Mengawali
tahun yang ke sepuluh, dengan tambahan satu cabang baru tentu saya bergembira,
puas rasanya, sekalipun saya tahu bahwa ini berbahaya. Saya merasa puas karena
memperoleh tantangan baru, seperti seorang anak mendapat mainan baru. Tapi
sekaligus berbahaya karena setiap kali saya mengawali usaha baru seperti
memasuki gelanggang pertandingan yang saya tidak pernah tahu akan berhasil atau
tidak.
Namanya pertandingan, kita tentu bisa kalah, tapi saya tetap merasa gembira karena telah mencapai niatan.
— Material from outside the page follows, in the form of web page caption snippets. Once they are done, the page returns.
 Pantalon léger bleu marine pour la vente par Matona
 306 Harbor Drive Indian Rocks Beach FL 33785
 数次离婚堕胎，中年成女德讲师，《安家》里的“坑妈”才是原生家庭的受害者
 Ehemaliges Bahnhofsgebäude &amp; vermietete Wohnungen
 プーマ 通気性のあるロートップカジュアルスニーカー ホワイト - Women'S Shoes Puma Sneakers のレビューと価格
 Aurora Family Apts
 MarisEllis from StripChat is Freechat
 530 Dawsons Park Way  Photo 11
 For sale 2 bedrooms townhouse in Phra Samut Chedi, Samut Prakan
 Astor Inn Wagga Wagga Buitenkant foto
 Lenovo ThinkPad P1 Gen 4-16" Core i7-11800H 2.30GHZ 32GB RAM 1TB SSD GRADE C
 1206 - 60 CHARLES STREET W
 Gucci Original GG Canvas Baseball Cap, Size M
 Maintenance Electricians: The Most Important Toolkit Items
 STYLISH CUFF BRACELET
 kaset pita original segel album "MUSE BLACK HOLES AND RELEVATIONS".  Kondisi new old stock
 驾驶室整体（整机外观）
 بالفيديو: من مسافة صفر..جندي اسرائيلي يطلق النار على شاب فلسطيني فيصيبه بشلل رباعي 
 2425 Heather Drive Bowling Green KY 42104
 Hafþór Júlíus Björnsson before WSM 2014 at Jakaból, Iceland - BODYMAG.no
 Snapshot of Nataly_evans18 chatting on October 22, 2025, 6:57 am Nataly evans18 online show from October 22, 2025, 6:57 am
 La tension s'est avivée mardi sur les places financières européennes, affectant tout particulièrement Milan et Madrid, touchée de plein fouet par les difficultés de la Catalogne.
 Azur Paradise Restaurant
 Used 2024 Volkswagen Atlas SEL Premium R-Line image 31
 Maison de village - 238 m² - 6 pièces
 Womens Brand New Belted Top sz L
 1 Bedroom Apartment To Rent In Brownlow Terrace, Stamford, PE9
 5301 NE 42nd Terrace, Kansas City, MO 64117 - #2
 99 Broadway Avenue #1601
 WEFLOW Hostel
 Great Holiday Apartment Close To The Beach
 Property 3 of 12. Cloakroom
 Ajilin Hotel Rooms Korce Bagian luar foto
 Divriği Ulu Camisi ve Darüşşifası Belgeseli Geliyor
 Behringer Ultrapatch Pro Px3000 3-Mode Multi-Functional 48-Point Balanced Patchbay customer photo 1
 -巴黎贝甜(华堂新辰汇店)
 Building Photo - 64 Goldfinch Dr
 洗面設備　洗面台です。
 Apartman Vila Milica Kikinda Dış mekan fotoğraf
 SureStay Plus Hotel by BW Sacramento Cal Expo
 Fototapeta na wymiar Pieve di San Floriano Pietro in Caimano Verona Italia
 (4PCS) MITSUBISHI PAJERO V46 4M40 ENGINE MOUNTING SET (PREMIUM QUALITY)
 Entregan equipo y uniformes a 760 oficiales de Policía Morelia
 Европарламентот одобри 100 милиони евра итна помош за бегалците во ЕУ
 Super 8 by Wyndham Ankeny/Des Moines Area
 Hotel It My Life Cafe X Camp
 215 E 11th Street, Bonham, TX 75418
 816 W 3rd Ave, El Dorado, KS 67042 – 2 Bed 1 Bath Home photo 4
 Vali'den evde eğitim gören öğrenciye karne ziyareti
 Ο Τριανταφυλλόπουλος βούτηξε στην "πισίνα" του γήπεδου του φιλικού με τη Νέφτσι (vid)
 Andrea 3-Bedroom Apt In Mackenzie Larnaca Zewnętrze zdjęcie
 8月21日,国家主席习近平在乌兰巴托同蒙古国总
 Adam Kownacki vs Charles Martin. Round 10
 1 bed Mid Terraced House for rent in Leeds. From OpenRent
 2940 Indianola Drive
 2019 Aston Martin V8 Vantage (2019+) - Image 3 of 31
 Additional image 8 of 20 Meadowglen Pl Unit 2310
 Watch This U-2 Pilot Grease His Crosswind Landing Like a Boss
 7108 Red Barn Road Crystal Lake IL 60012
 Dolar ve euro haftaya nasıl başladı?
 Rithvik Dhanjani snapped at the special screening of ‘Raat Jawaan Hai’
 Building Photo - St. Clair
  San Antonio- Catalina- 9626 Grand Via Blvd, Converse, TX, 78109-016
Niatan melahirkan sebuah cabang baru. Orang sering salah duga bahwa saya dapat menjamin setiap usaha baru yang saya lakukan akan selalu sukses. Memang ada kenaikan kelas dari dua cabang menjadi tiga. Logika kenaikan kelas ini sering dipandang sebagai kenaikan segala-galanya.
Itulah
kenapa banyak orang yang syukuran jika naik jabatan, naik status dan naik
golongan. Hajat ini bisa dipahami sebagai rasa syukur atas pangkat baru,
pencapaian baru dan rejeki baru. Kenaikan itu tidak pernah dipahami dalam
pengertian sungguh-sungguh sebagai ketertekanan baru, penderitaan baru, dan
tanggung jawab baru.
Bagaimana
tidak ? Setelah membuka sebuah cabang baru, maka saya punya persoalan baru,
punya tanggung jawab baru untuk menyukseskannya. Saya hanya akan menderita jika
bengkel cabang itu sepi pengunjung. Saya akan tertekan jika target penjualannya
tidak tercapai. Apalagi jika saya harus menanggung rugi karena biaya lebih
besar daripada keuntungan.
Bahkan
kenaikan kelas itu jika tak disikapi dengan tepat, bisa menjatuhkan. Padahal
jika jatuh dari ketinggian tentu sakit, semakin tinggi kenaikan akan membanting
kita semakin keras. Kita sering melihat tentang manusia yang kemalangannya
bertepatan dengan kenaikannya. Belum rampung mereka bergembira menyelenggarakan
syukuran, pada saat yang sama musibah mengintip di balik jendela.
Banyak
orang tidak kuat memenuhi tuntutan naik kelas itu, akhirnya menuai musibah di
saat sedang menanjak hidupnya. Musibah itu bisa dikarenakan gagalnya menyangga
jabatan, terbongkarnya aib sampai penyalahgunaan kekuasaan. Orang Jawa bilang,
ora kuat derajat. Apakah kenaikan kelas akan selalu menimbulkan akibat-akibat
yang mengerikan semacam itu ?
Sepanjang
berada di tangan orang yang kuat dan tepat, tentu tidak akan berakibat
demikian. Bagi orang semacam itu, kenaikan adalah kenaikan profesi. Orang itu
dengan mudah akan menyesuaikan profesi barunya dengan bersikap profesional.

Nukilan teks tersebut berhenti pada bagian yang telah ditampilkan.